Indian equities look set for a strong start to the week, with Gift Nifty trading nearly 100 points higher as of 6:35 AM on Monday, September 8, indicating a gap-up opening for the Nifty 50.
The move comes against the backdrop of extreme bearish positioning by foreign institutional investors (FIIs) in the derivatives market. Data from the NSE for September 5 showed that FIIs net sold ₹1,305 crore in the cash market, even as domestic institutional investors (DIIs) absorbed the pressure with net buying of ₹1,821 crore.
The sharper trend was visible in index futures, where FIIs unwound 1,300 long positions and added 1,500 fresh shorts, dragging their long-to-short ratio to a striking 7:93. Such extreme positioning, dealers say, has often been a precursor to sharp short covering rallies. “Every time FII shorts have risen to record highs, Nifty has surged over 2,000 points across the following 3–4 series,” said a dealer tracking derivatives flows.

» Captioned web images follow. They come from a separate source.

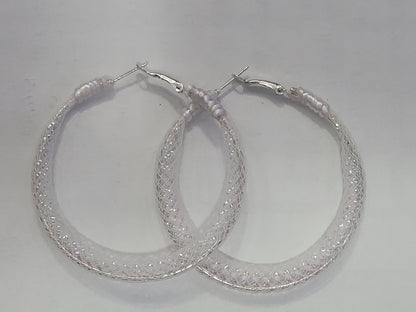 Pair of white lace and silver hoop earrings on a light gray background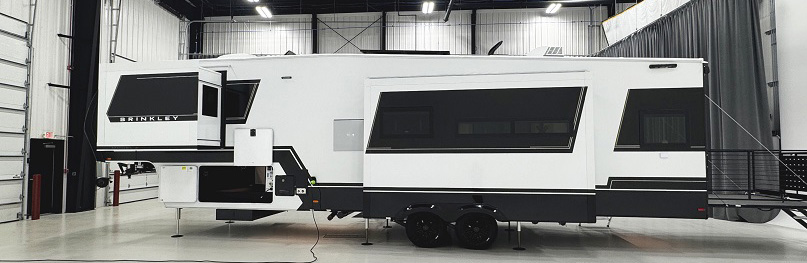 The luxury Brinkley Z 3420 -- exterior side view with patio deck extended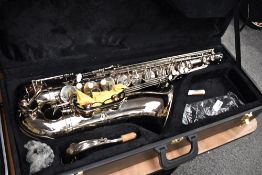 A FF (Fortissimo?) tenor saxophone in silvered finish with unbranded mouthpiece and hard case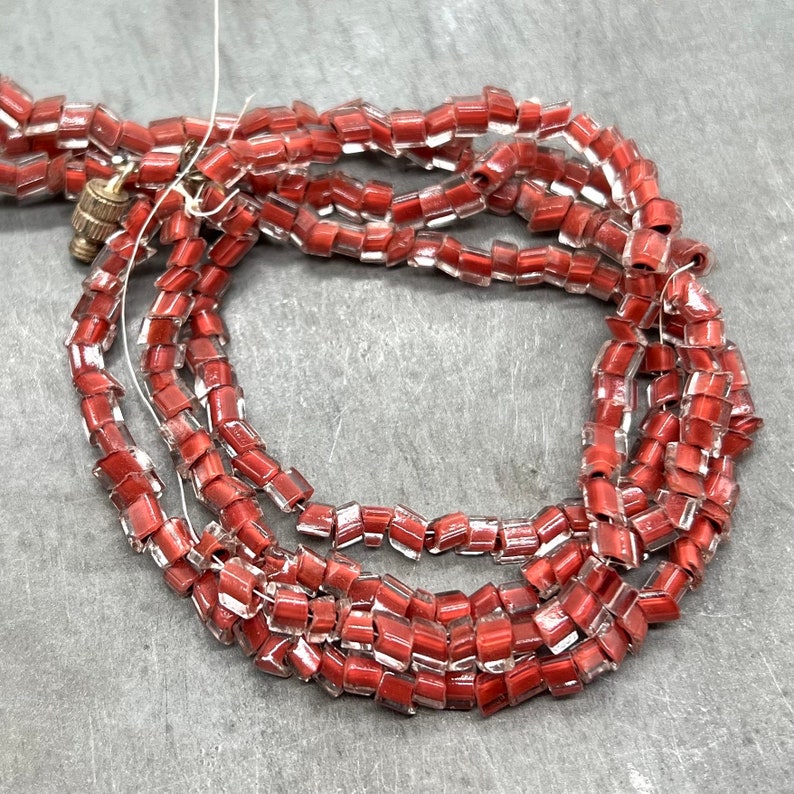 May include: A strand of red glass beads with a clear, iridescent finish. The beads are square shaped and have a slightly irregular shape. The beads are strung on a clear thread.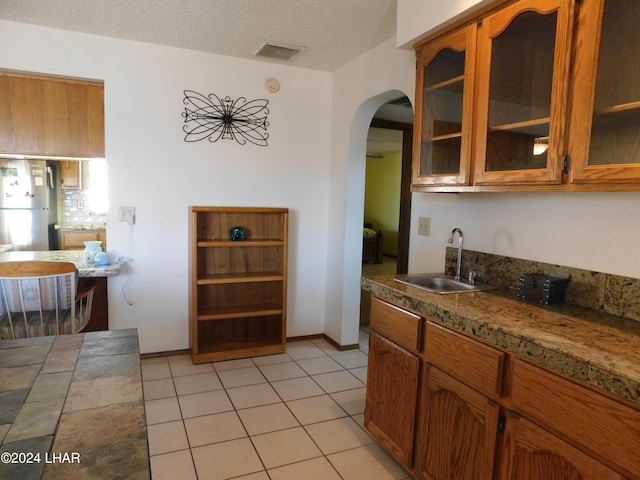 kitchen featuring light tile patterned flooring, sink, stainless steel fridge, and a textured ceiling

At the index level, the Sensex closed nearly flat at 80,710 (-7 points), while the Nifty 50 ended marginally higher at 24,741 (+6 points). The Bank Nifty gained 39 points to close at 54,114, while the Nifty Midcap 100 continued its outperformance with a 116-point rise.
Adding to the optimism, recent positive comments from US President Donald Trump and Prime Minister Narendra Modi have buoyed sentiment. Traders now expect supportive global cues to further boost risk appetite.
If history is any guide, the extreme short build-up could be the trigger for a powerful rebound in Indian equities, with September 8 potentially marking the beginning of a sharp upward phase led by short covering in index futures.